### Task prompt
In the data below, find each line carrying the string "Glitter" and copy it out.

================

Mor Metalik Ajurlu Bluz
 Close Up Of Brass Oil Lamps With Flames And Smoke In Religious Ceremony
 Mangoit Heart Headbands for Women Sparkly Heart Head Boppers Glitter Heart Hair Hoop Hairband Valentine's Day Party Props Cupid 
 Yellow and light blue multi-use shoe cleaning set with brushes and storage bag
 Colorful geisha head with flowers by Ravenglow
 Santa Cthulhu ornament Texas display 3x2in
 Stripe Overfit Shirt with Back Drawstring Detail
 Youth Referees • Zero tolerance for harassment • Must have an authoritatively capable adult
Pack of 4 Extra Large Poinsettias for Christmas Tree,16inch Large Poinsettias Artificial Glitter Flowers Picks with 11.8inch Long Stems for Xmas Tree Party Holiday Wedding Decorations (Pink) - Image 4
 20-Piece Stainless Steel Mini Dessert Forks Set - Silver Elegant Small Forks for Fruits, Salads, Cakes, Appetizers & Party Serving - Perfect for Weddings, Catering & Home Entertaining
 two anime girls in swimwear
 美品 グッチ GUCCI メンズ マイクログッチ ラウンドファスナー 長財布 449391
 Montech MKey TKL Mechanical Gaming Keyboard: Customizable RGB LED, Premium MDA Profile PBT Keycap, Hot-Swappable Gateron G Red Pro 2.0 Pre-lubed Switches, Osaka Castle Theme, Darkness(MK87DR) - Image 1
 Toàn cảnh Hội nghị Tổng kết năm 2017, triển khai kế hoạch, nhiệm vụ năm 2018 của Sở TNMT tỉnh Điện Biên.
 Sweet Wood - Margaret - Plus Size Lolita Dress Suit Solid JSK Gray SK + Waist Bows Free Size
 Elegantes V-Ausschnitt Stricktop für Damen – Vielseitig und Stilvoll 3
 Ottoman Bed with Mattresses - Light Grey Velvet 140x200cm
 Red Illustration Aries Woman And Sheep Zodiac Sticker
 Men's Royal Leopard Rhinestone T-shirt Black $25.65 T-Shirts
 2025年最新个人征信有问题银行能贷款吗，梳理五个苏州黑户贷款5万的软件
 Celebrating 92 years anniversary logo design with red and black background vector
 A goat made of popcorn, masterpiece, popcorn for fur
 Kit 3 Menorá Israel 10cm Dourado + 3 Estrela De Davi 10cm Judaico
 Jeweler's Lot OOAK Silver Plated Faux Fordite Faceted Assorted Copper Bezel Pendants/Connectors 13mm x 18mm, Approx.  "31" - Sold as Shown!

================

### Reply
 Mangoit Heart Headbands for Women Sparkly Heart Head Boppers Glitter Heart Hair Hoop Hairband Valentine's Day Party Props Cupid 
Pack of 4 Extra Large Poinsettias for Christmas Tree,16inch Large Poinsettias Artificial Glitter Flowers Picks with 11.8inch Long Stems for Xmas Tree Party Holiday Wedding Decorations (Pink) - Image 4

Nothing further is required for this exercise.